Exercise brief »
The expected output is an exact copy of the lines from the one containing "BMW 3-Series 328i Coupe 2009" to the final line below, minus any pictures.

Exercise input »
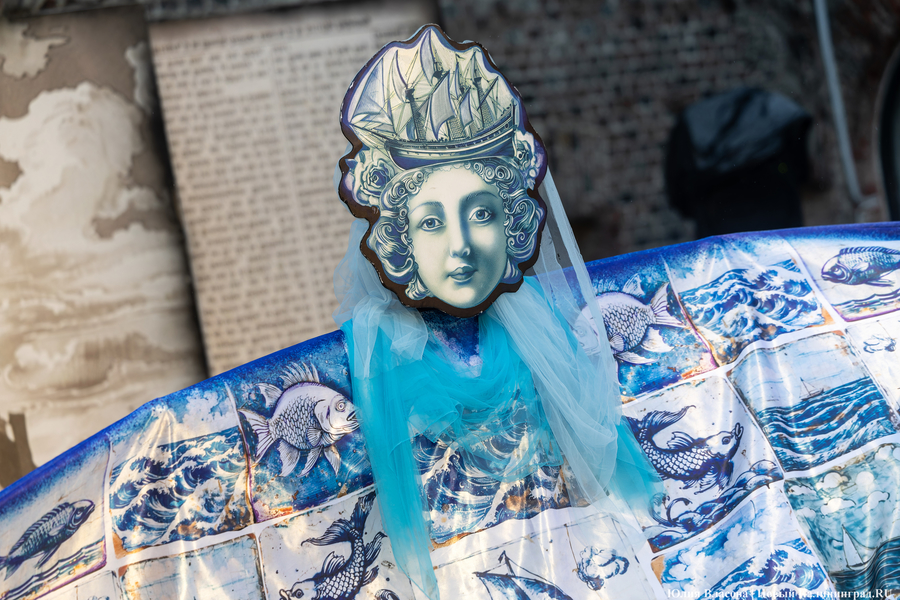 Не кантовать: в башне «Врангель» сыграли спектакль про Канта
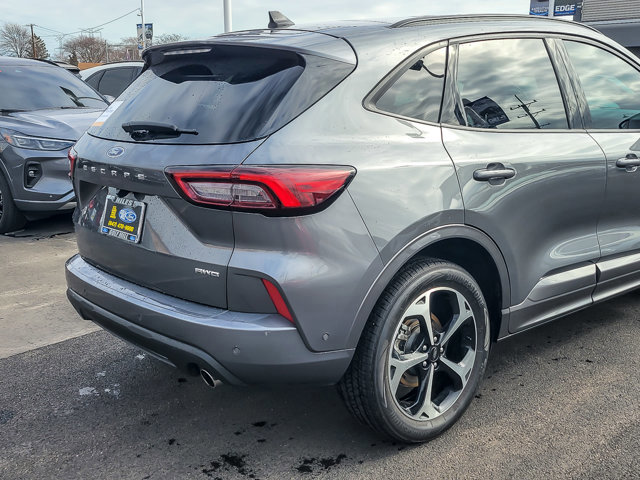Certified 2024 Ford Escape ST-Line Elite w/ Premium Technology Package AWD/4WD image 5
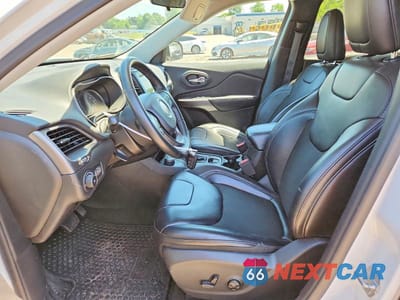 Zdjęcie 7 z 14 samochodu: 2019 JEEP CHEROKEE LATITUDE PLUS VIN:1C4PJMLB7KD307077 - miniatura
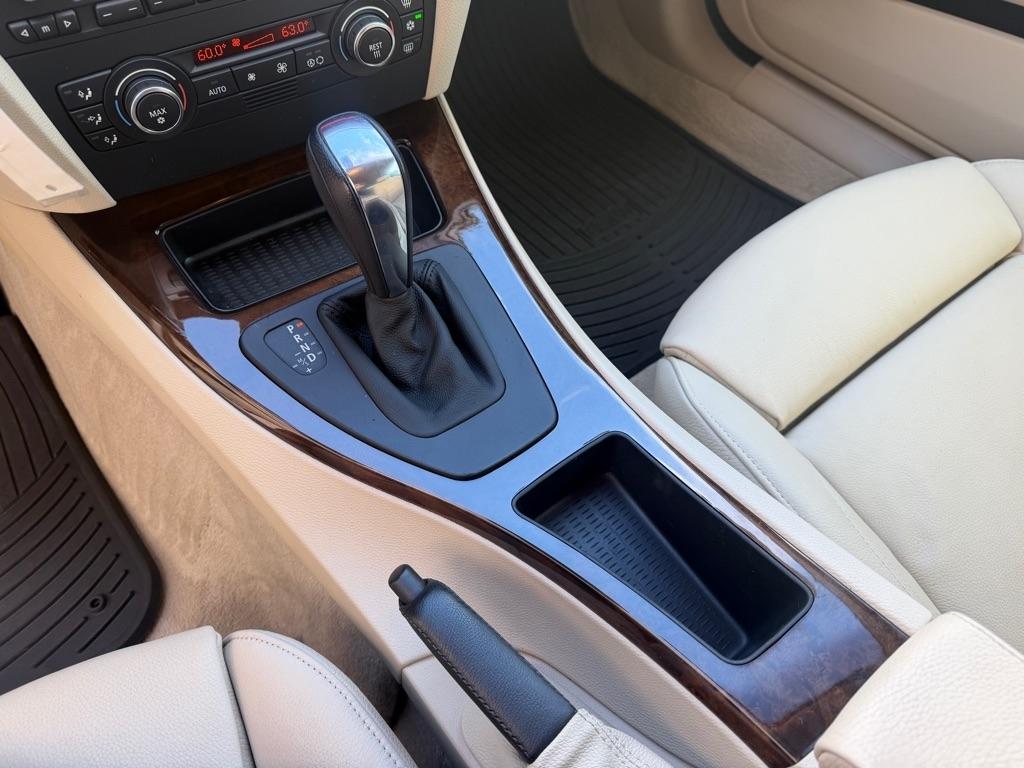 BMW 3-Series 328i Coupe 2009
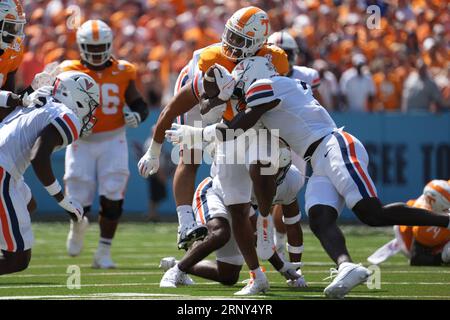 2 septembre 2023 : Jaylen Wright #0 des volontaires du Tennessee court le ballon pendant le match de football de la NCAA entre les volontaires de l'Université du Tennessee et les cavaliers de l'Université de Virginie au Nissan Stadium de Nashville TN Tim Gangloff/CSM Banque D'Images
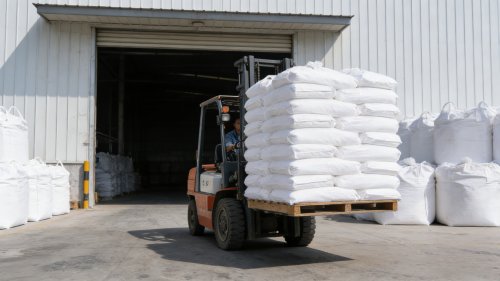 工厂仓库内羧甲基纤维素产品装车细节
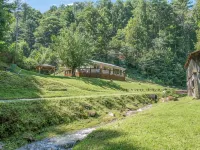 Charming Mtn Cabin, Hot Tub+Fire Pit, Private, WiFi, Grill, Near Green Mtn Area! - Alojamientos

Exercise output »
 BMW 3-Series 328i Coupe 2009
 2 septembre 2023 : Jaylen Wright #0 des volontaires du Tennessee court le ballon pendant le match de football de la NCAA entre les volontaires de l'Université du Tennessee et les cavaliers de l'Université de Virginie au Nissan Stadium de Nashville TN Tim Gangloff/CSM Banque D'Images
 工厂仓库内羧甲基纤维素产品装车细节
 Charming Mtn Cabin, Hot Tub+Fire Pit, Private, WiFi, Grill, Near Green Mtn Area! - Alojamientos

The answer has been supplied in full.